**THE DATA**
================================

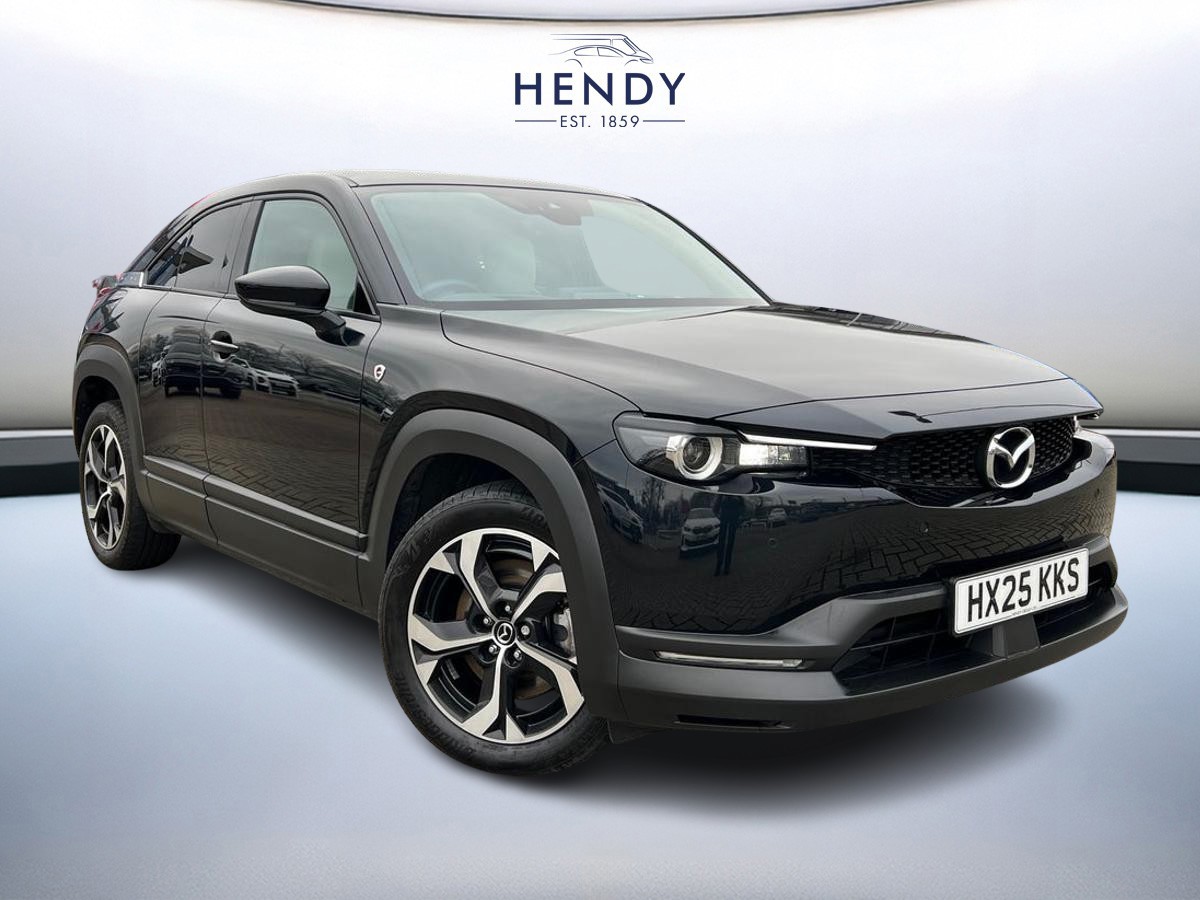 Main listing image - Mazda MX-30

================================

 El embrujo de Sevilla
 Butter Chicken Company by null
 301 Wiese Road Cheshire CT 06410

================================

**WHAT IS BEING ASKED**
What is needed is a verbatim copy of every line in the records above from the one containing "El embrujo de Sevilla" down to the one containing "301 Wiese Road Cheshire CT 06410", both included, and nothing more.

**SOLUTION**
 El embrujo de Sevilla
 Butter Chicken Company by null
 301 Wiese Road Cheshire CT 06410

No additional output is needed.